5. When you eat, just eat. If you sit down at a table with a large box of chocolates and no distractions, you are unlikely to polish off the entire box. But when you’re watching TV or involved in another activity, this awareness can be drowned out.
6. Learn what a portion size is. As a general rule, a “cup” is about the size of a large tennis ball, 85g of meat is about a deck of cards and 30g cheese is the size of a domino.
7. Think little and often. Try to maintain a stable blood-sugar level and moderate level of satiety by eating small meals throughout the day rather than a couple of ridiculously large meals.
8. Have a salad as a starter. Be smart and eat raw vegetables or salad to burn off that extreme hunger before the meal itself.
9. Have a glass of water before eating.
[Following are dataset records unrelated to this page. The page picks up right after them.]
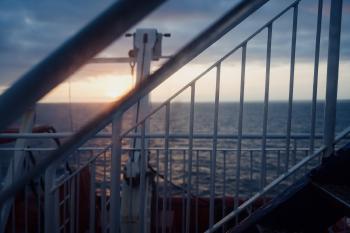 Sunset, seen through the porthole of a ferry, with some stairs and scaffolding in the foregound and the sea in the background. It looks a bit soft and and dreamy.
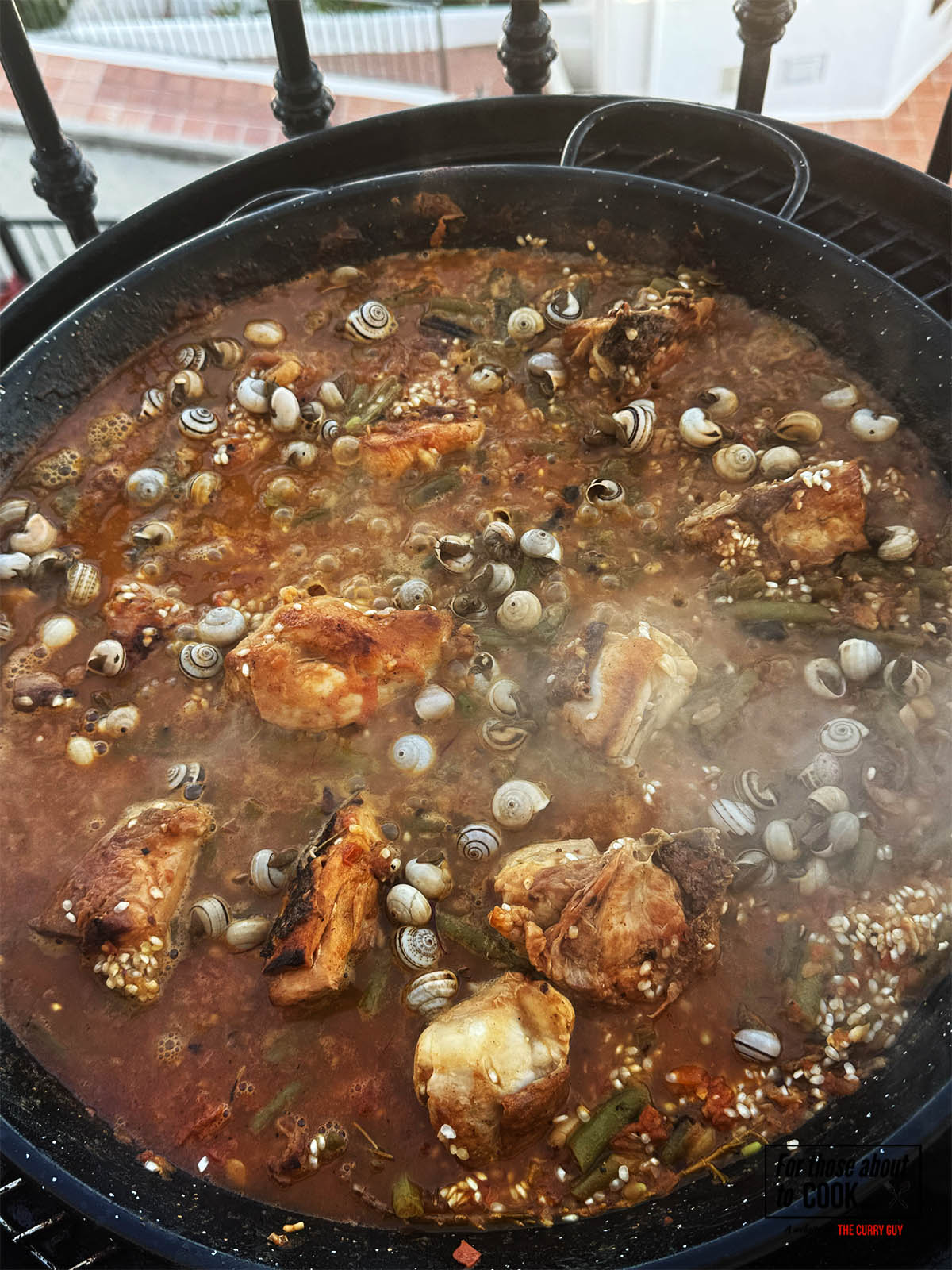 Adding the snails to the pan to simmer and heat up.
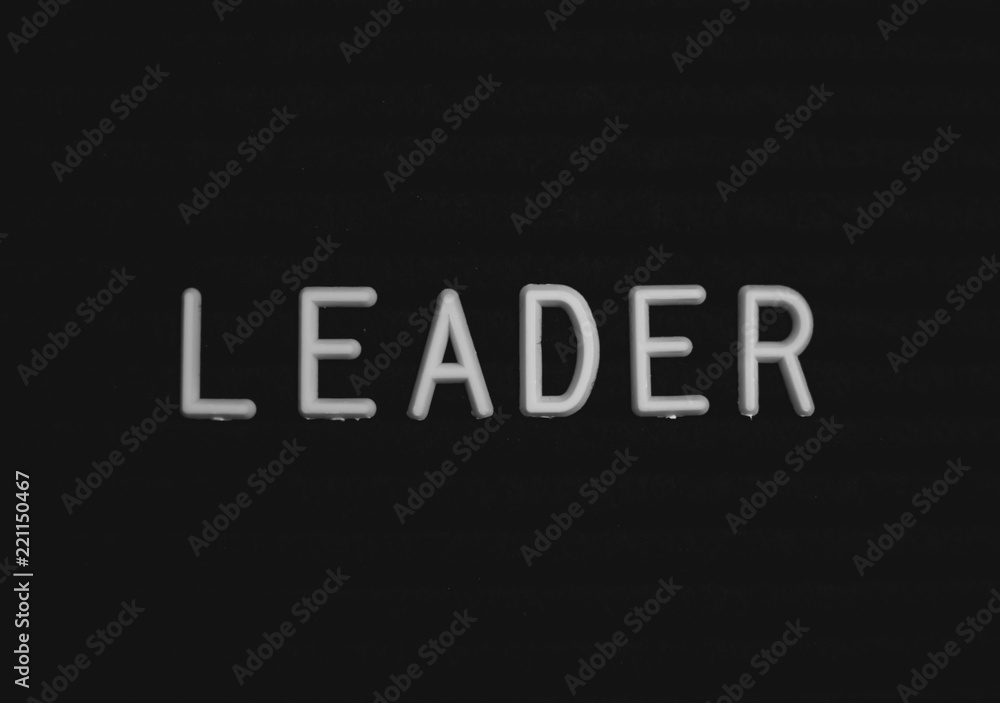 Word leader written on the letter board. White letters on the black background
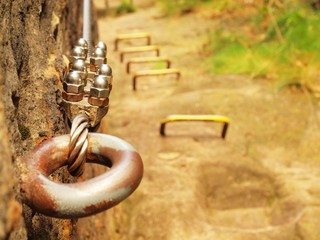Detail of thin iron rope end anchored for climbers into rock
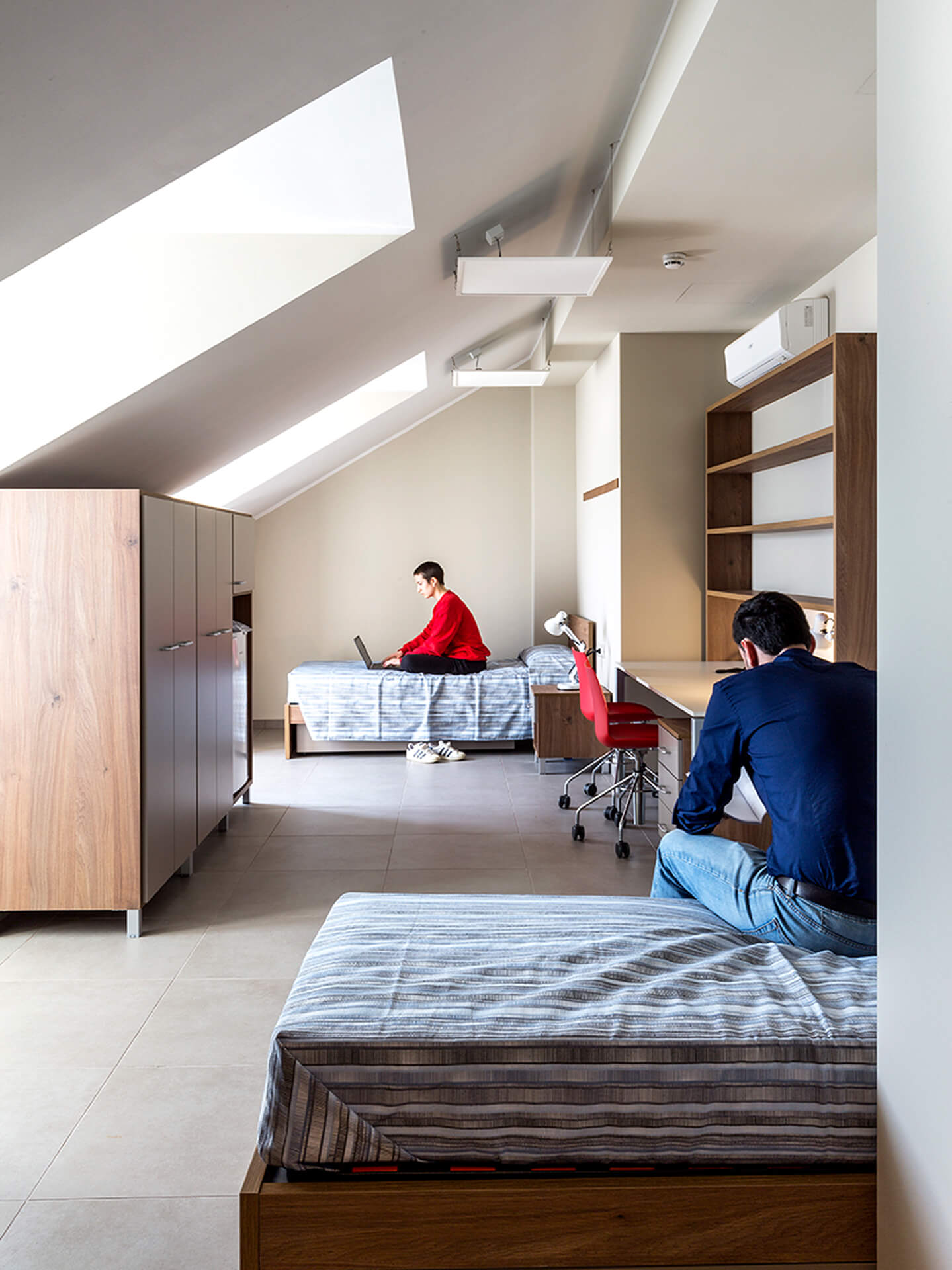 A double bedroom located in the renovated attic, featuring a sloped roof with skylights that naturally illuminate the space. The room is furnished with two single beds, wooden wardrobes, and desks with built-in seating and shelves, creating a student residential space. Two people use the room for study activities with laptops, highlighting its residential and work functions. The space features stoneware flooring, suspended lighting fixtures, and wall-mounted air conditioning, demonstrating the attic's adaptation to provide shared living space within a renovated building.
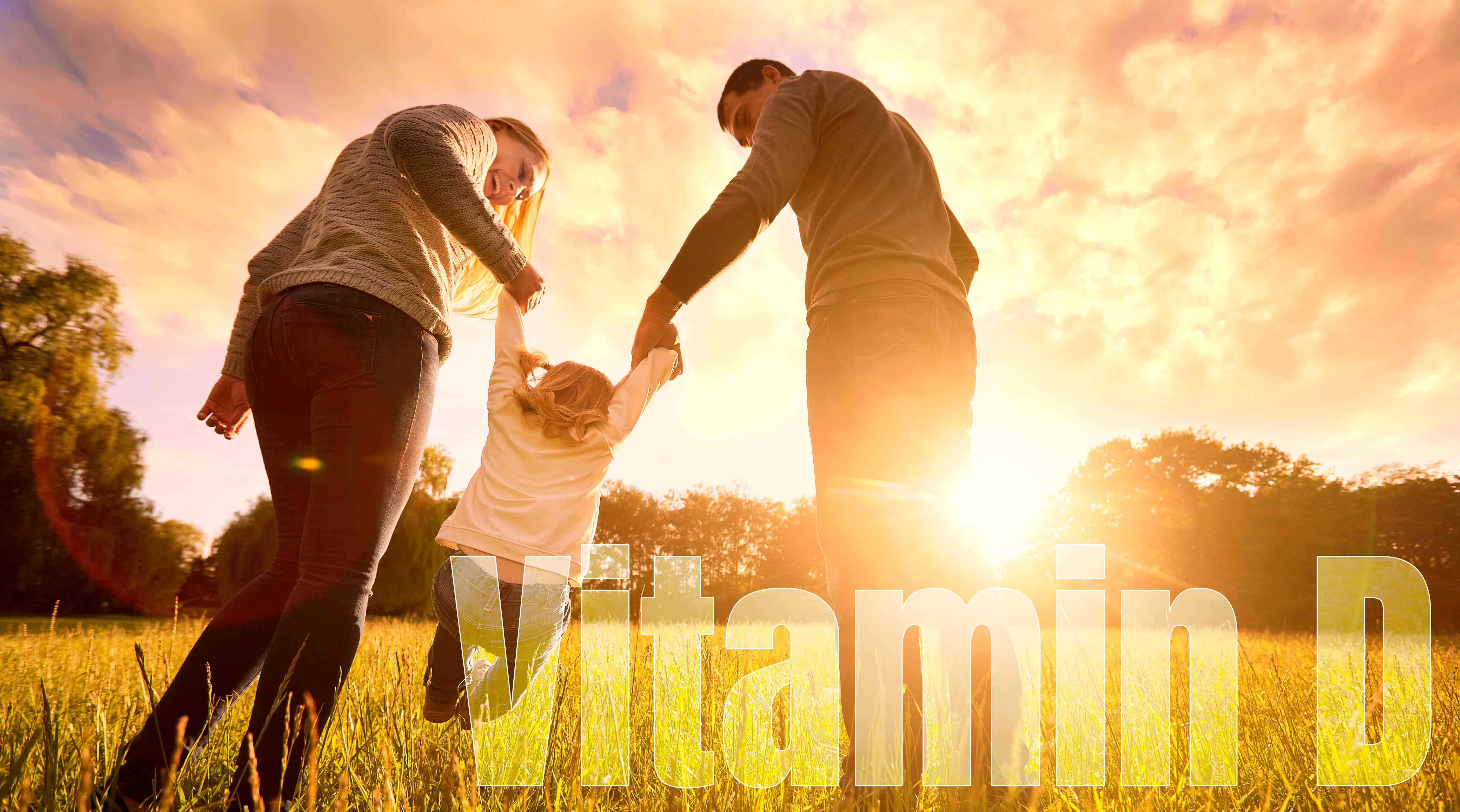 Family Holding Hands Over a Vitamin D Banner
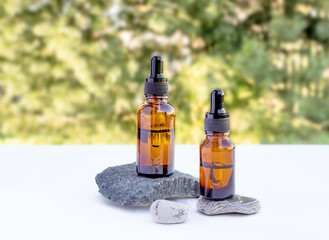 Two brown bottles of essential oil, essence, serum for women's skin care on a natural background. Stone podium. Front view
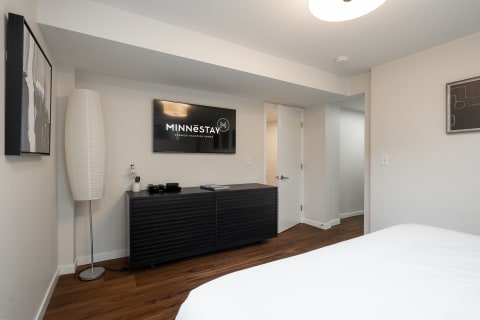 Modern room with a bed, black media cabinet, and flat-screen TV.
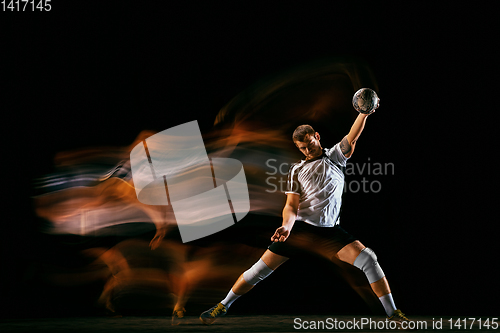 Image of Young handball player against dark studio background in mixed light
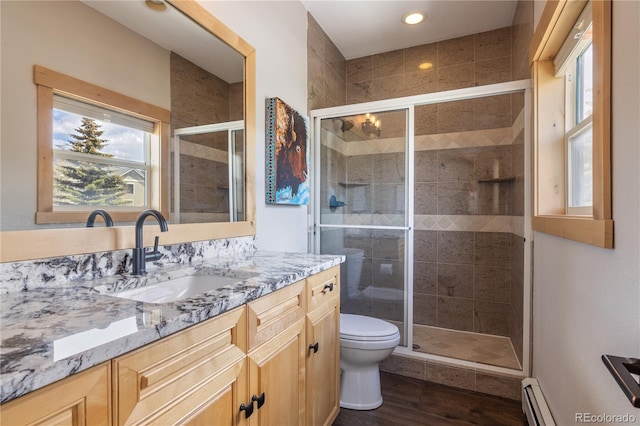 133 Creek Ln, Silverthorne, CO 80498 - bathroom featuring a baseboard heating unit, vanity, wood finished floors, a shower stall, and recessed lighting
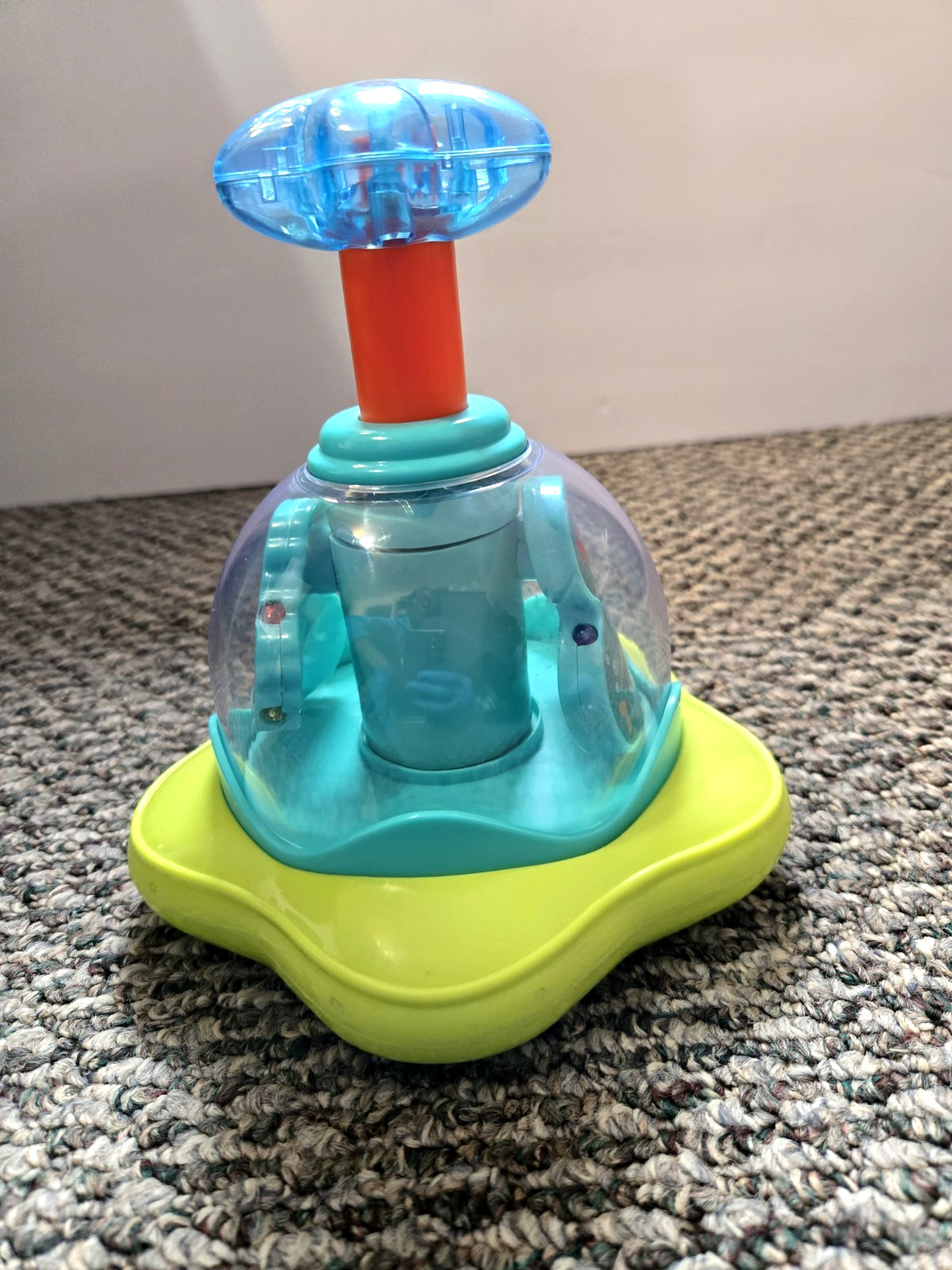 Bright Starts Press & Glow Spinning Top w/Lights & Music Toy Ages 6-36 mos.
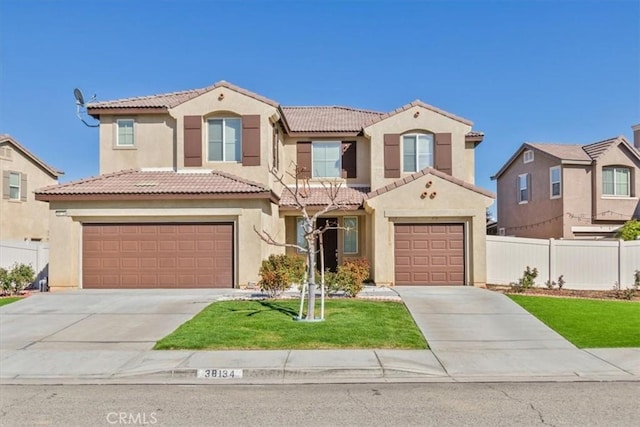 38134 E Clermont, Palmdale, CA 93552 - mediterranean / spanish house with concrete driveway, a tile roof, and stucco siding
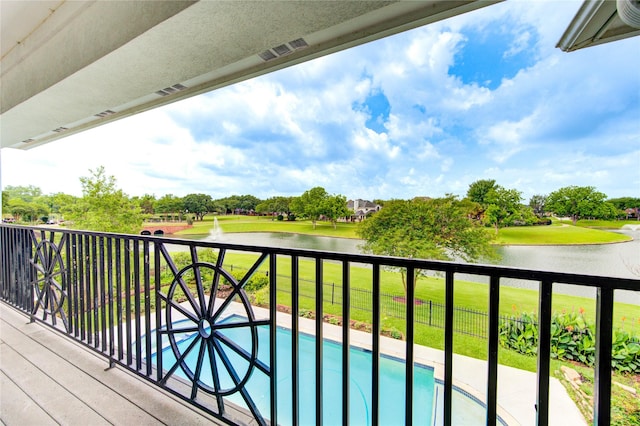 balcony featuring a water view and visible vents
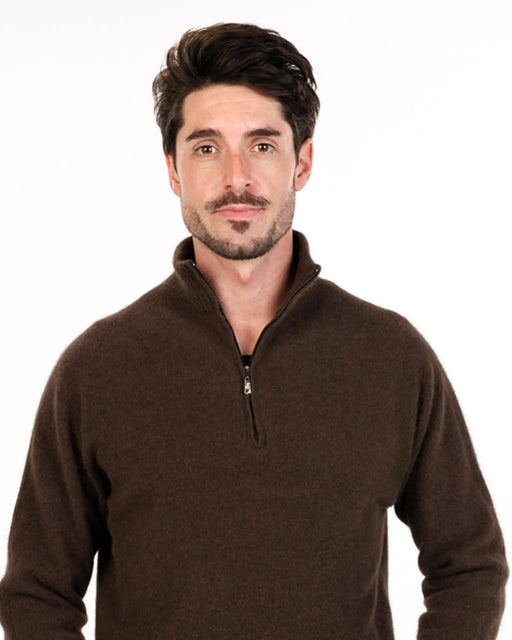 Man wearing a brown half-zip sweater made from possum merino
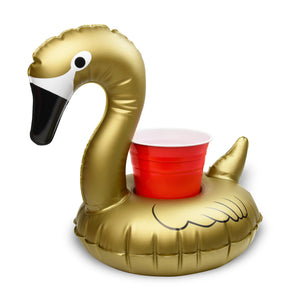 a gold flamingo with a red cup in it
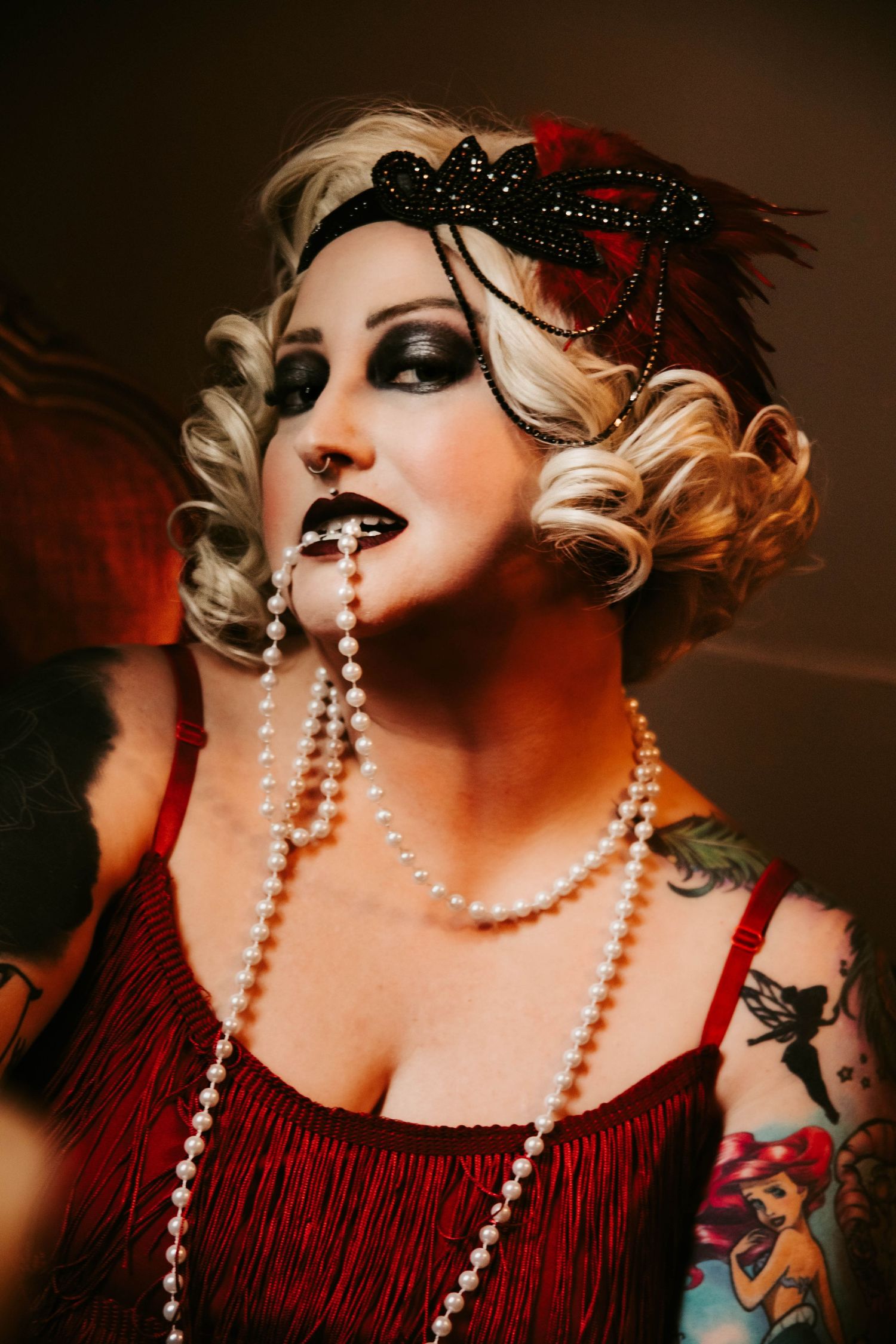 A dramatic burlesque-style portrait series featuring pearls, red fringe, dark feathers and dramatic makeup in moody lighting.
Sip a good-sized glass of water in the 10–15 minutes leading up to a meal. This way you can be sure you are serving up only what the body actually needs.
10. Shop smart. Bulk buying foods can often enable you to pick up great bargains. If you are unable or unwilling to break those down into smaller portion sizes when you get home, consider the possibility of buying smaller versions. While you may not get the same value for money, think of the cost (financial, physical, mental and emotional) of overeating large portions of food.